Dataset extract START
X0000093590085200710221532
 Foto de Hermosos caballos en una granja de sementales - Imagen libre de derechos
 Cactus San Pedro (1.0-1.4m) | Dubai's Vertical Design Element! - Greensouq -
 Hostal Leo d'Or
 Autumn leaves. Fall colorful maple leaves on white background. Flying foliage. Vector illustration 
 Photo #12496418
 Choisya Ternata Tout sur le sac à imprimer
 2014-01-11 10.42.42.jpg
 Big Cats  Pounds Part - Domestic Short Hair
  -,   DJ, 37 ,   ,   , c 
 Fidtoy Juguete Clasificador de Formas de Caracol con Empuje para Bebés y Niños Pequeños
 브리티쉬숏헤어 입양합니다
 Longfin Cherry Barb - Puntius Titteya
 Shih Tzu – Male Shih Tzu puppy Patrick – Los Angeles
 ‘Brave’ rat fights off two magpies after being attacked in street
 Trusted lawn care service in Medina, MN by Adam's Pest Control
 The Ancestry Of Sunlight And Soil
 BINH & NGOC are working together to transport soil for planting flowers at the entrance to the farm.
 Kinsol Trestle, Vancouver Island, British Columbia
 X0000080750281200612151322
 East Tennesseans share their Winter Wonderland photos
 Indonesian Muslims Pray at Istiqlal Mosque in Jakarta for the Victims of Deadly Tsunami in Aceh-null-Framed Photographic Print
Dataset extract END
== What is required ==
Produce a faithful copy of all the material above.

== Written response ==
X0000093590085200710221532
 Foto de Hermosos caballos en una granja de sementales - Imagen libre de derechos
 Cactus San Pedro (1.0-1.4m) | Dubai's Vertical Design Element! - Greensouq -
 Hostal Leo d'Or
 Autumn leaves. Fall colorful maple leaves on white background. Flying foliage. Vector illustration 
 Photo #12496418
 Choisya Ternata Tout sur le sac à imprimer
 2014-01-11 10.42.42.jpg
 Big Cats  Pounds Part - Domestic Short Hair
  -,   DJ, 37 ,   ,   , c 
 Fidtoy Juguete Clasificador de Formas de Caracol con Empuje para Bebés y Niños Pequeños
 브리티쉬숏헤어 입양합니다
 Longfin Cherry Barb - Puntius Titteya
 Shih Tzu – Male Shih Tzu puppy Patrick – Los Angeles
 ‘Brave’ rat fights off two magpies after being attacked in street
 Trusted lawn care service in Medina, MN by Adam's Pest Control
 The Ancestry Of Sunlight And Soil
 BINH & NGOC are working together to transport soil for planting flowers at the entrance to the farm.
 Kinsol Trestle, Vancouver Island, British Columbia
 X0000080750281200612151322
 East Tennesseans share their Winter Wonderland photos
 Indonesian Muslims Pray at Istiqlal Mosque in Jakarta for the Victims of Deadly Tsunami in Aceh-null-Framed Photographic Print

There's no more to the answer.